# Test 3 — Reference Notebook

This is Miles' reference notebook for test #3 in CSC630 Machine Learning.

-----

### Boilerplate Code

Common Import Block

In [None]:
import numpy as np
import matplotlib.pyplot as plt
import pandas as pd
import seaborn as sns
import math
from sklearn.linear_model import LinearRegression, LogisticRegression
from sklearn.metrics import mean_squared_error, accuracy_score
from sklearn.model_selection import train_test_split
%matplotlib inline
plt.style.use("fivethirtyeight")

Reading basic CSV files

In [None]:
df = pd.read_csv("...")

Creating a dataframe from raw data

In [None]:
#                  2d array                  labels
hd = pd.DataFrame(raw_dataset.data, columns=raw_dataset['feature_names'])
hd['...'] = raw_dataset.target

### Data Processing

`df.shape` provides (samples, columns)

In [None]:
df.shape

For the first real look, always call `df.head()`

In [None]:
df.head()

`df.describe()` is also very helpful

In [None]:
df.describe()

A useful—but obtuse—data cleaning feature is `df.dropna()`

In [None]:
df.dropna(inplace=True)

Sometimes, column names are prepended with whitespace due to an incorrect CSV read. If that's the case, this one-liner can help:

In [None]:
df.rename(columns={column: column.strip() for column in df.columns}, inplace=True)

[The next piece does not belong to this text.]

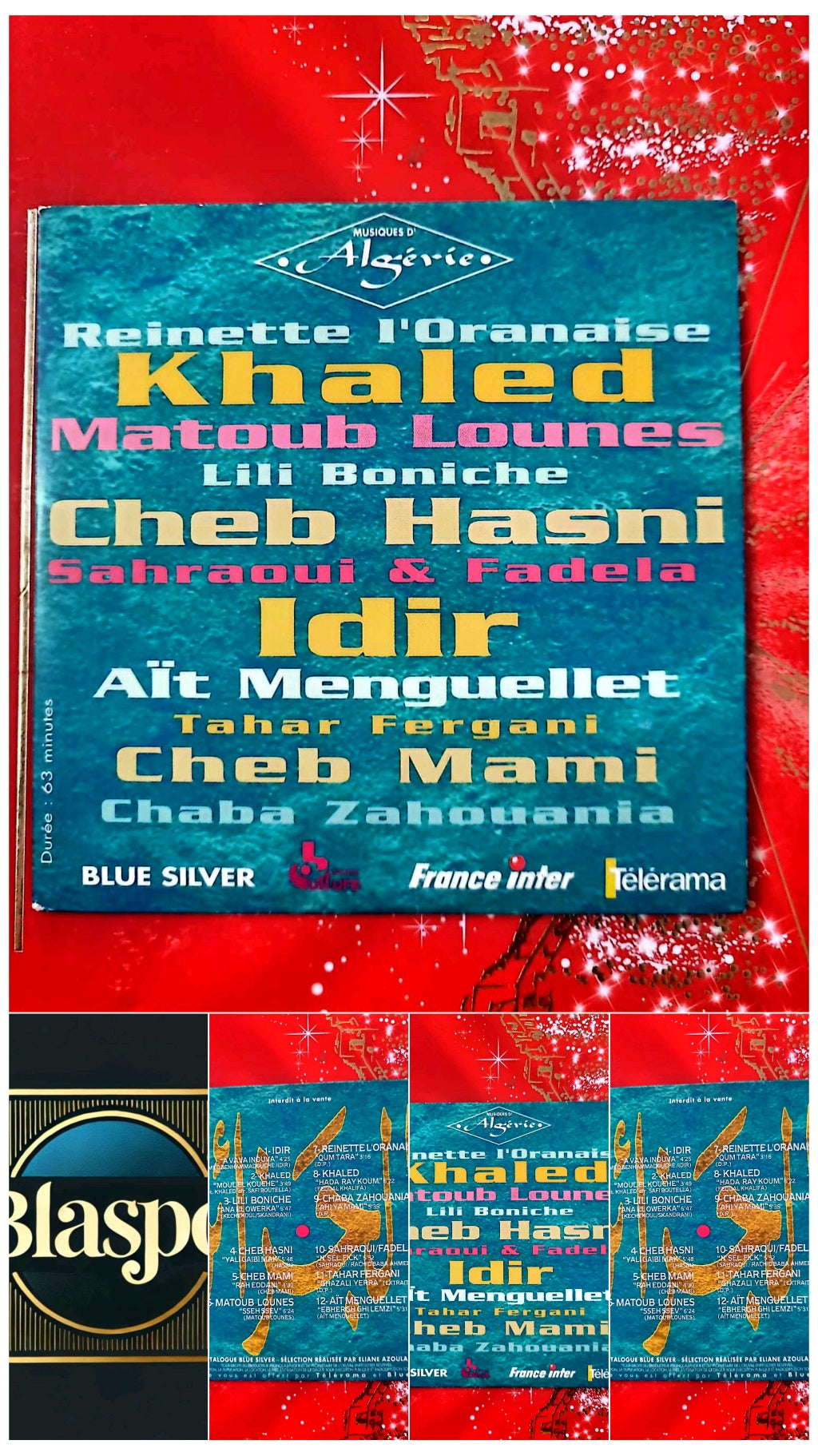 Musiques d’Algérie – Compilation CD Khaled Idir Cheb Hasni Blue Silver cd audio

Broadcasting allows simple feature engineering

In [None]:
df['mpg_reciprocal'] = df['mpg'] ** -1

Horizontal slicing allows the creation of sub-datasets

In [None]:
df_sliced = df[df["..."] == "..."]

Columns can be dropped, too

In [None]:
df.drop("column name", inplace=True)

### Plotting

Remember that `matplotlib.pyplot` plots can be overlayed.

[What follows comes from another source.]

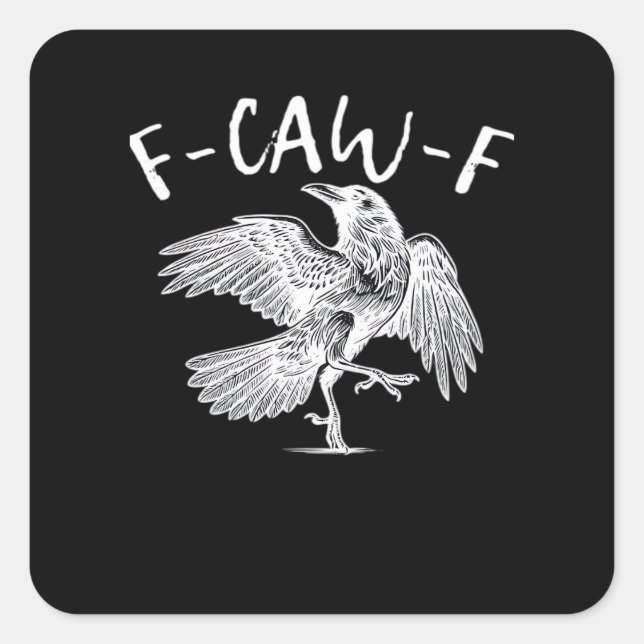 Adesivo Quadrado F-Caw-F Raven Vintage Graphic (Frente)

Remember to always add a colorbar (if applicable), label axes, and name the plot!

In [None]:
plt.colorbar()
plt.title("PCA transformations and error of a multiclass \nlogistic regression on the sepal dataset")
plt.xlabel("X label")
plt.ylabel("Y label")
plt.show()

Basic scatterplots, histograms, and line plots (respectively)

In [None]:
plt.scatter(X, Y, c=optional_color_variable, marker='*', alpha=0.2, cmap="brg", s=30)
plt.hist(X, bins=[1,2,3])
plt.plot(X, Y)

The *emperor of all plots*, however, is the Seaborn pairplot!

In [None]:
# Be careful; can sometimes take a long time to run!
sns.pairplot(df)

# Alternatively, if you only need one or two Y values:
sns.pairplot(df, y_vars=['MEDV'], x_vars=[key for key in df.keys() if key not in ["MEDV"]])

### Supervised Learning Utilities

Always start with a nice test-train split!

In [None]:
X_train, X_test, y_train, y_test = train_test_split(df.drop("..."), df["..."], test_size=0.25) # will remove the target column

To check accuracy on a **logistic regression**, use the following:

In [None]:
accuracy_score(y_true, y_pred)
accuracy_score(y_true, [round(model.predict(i)) for i in np.arange(0, 10, 10./200)])

To check accuracy on a **linear regression**, use the following:

In [None]:
metrics.mean_squared_error(y_true, y_pred)
# or, better:
metrics.r2_score(y_true, y_pred)

### Supervised Learning Models

Linear Regression

In [None]:
model = LinearRegression()
model.fit(X, y)
model.predict(X) # --> y

Logistic Regression

In [None]:
model = LogisticRegression()
model.fit(X, y)
model.predict(X) # --> y